Saved data entries:
┏━━
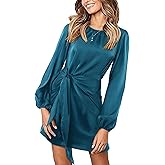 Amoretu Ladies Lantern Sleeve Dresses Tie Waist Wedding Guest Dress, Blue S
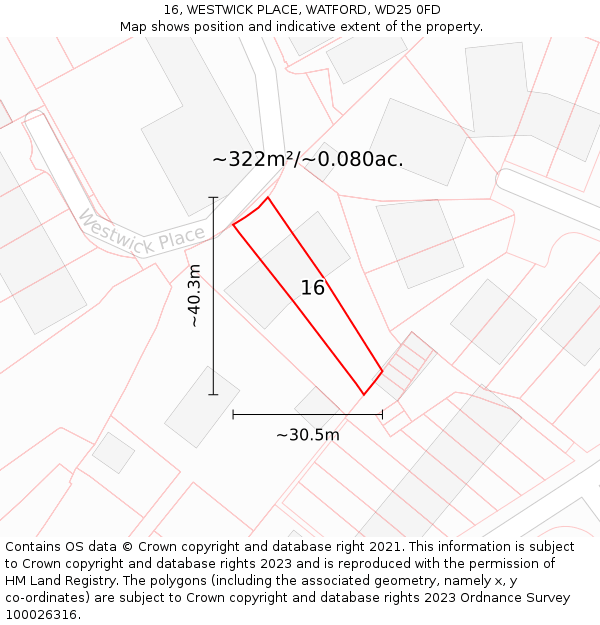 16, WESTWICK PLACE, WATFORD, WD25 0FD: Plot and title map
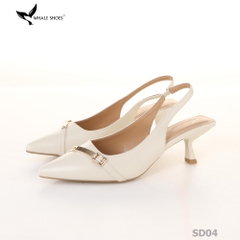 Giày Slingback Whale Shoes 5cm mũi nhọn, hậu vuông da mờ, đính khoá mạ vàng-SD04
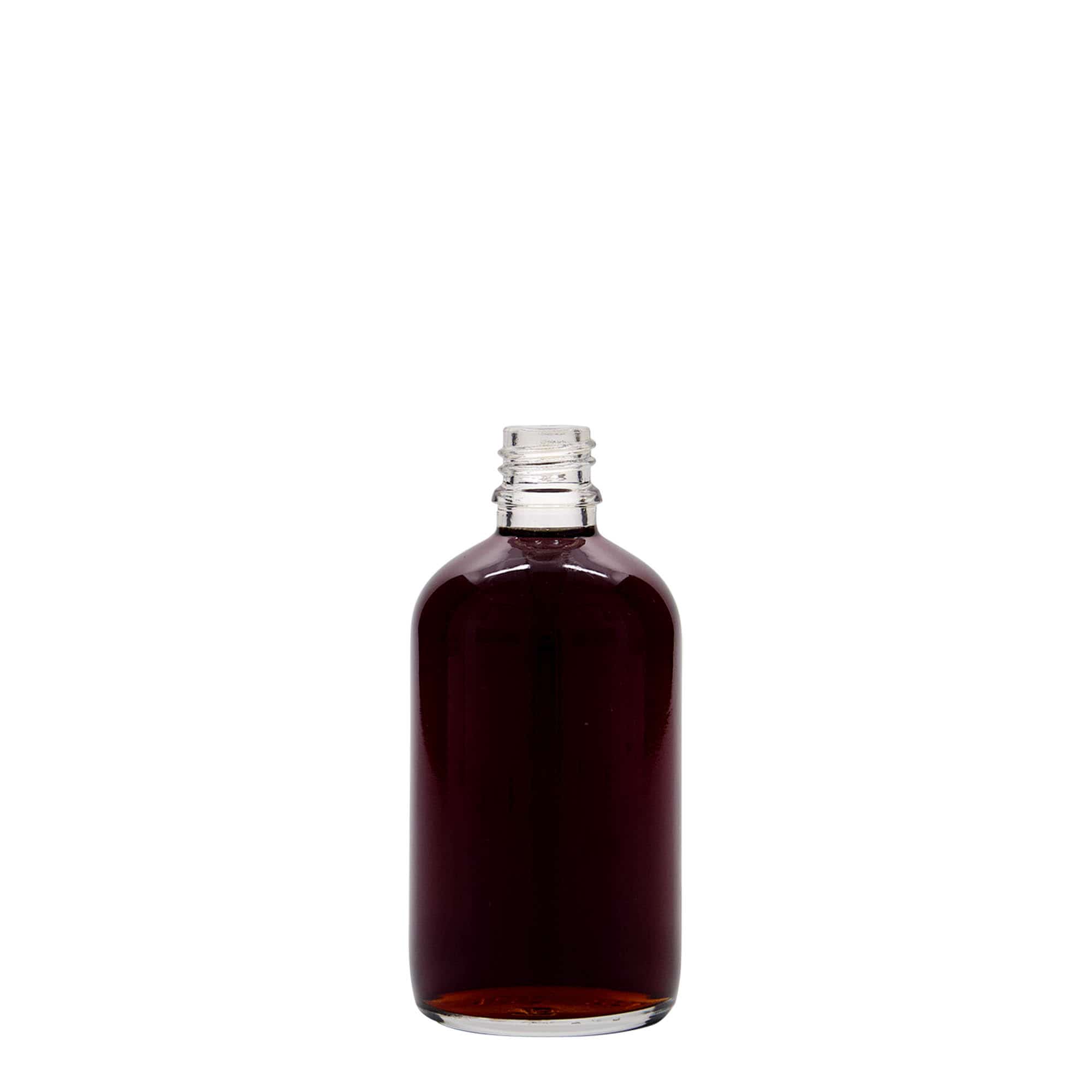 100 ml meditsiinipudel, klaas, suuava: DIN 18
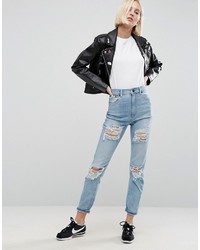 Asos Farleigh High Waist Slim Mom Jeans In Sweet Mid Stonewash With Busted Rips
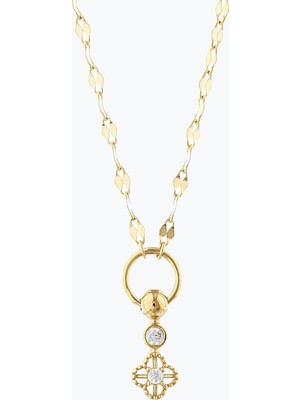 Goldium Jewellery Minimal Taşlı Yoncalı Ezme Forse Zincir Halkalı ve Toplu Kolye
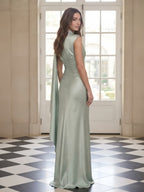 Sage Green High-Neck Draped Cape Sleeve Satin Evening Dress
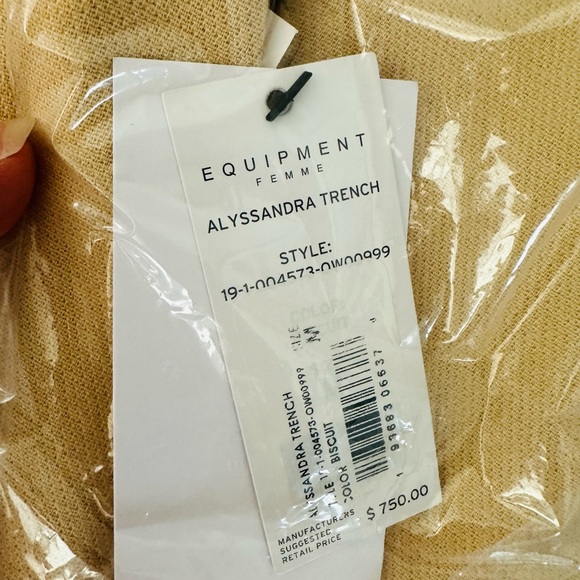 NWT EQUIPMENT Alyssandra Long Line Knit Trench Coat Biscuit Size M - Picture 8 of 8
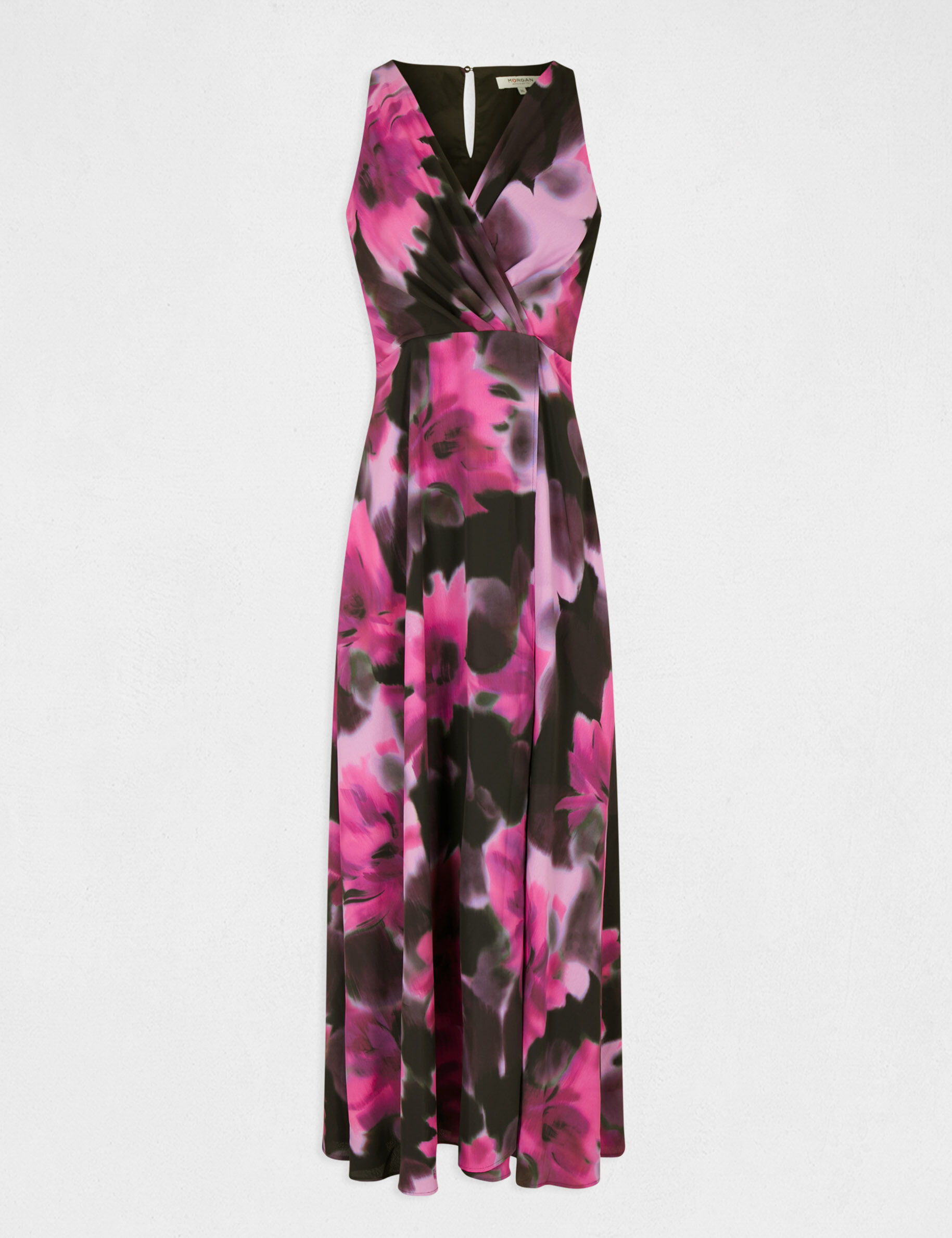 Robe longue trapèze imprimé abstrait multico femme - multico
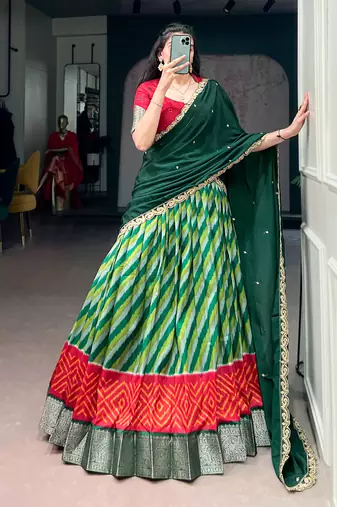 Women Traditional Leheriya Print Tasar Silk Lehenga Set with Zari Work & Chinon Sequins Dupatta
┗━━
## DESCRIPTION OF THE TASK
Your task is to retype, exactly and only, the lines from the line holding "Giày Slingback Whale" through the final line of the data above, with both ends kept. Drop the pictures.

## REPLY TO THE EXERCISE
 Giày Slingback Whale Shoes 5cm mũi nhọn, hậu vuông da mờ, đính khoá mạ vàng-SD04
 100 ml meditsiinipudel, klaas, suuava: DIN 18
 Asos Farleigh High Waist Slim Mom Jeans In Sweet Mid Stonewash With Busted Rips
 Goldium Jewellery Minimal Taşlı Yoncalı Ezme Forse Zincir Halkalı ve Toplu Kolye
 Sage Green High-Neck Draped Cape Sleeve Satin Evening Dress
 NWT EQUIPMENT Alyssandra Long Line Knit Trench Coat Biscuit Size M - Picture 8 of 8
 Robe longue trapèze imprimé abstrait multico femme - multico
 Women Traditional Leheriya Print Tasar Silk Lehenga Set with Zari Work & Chinon Sequins Dupatta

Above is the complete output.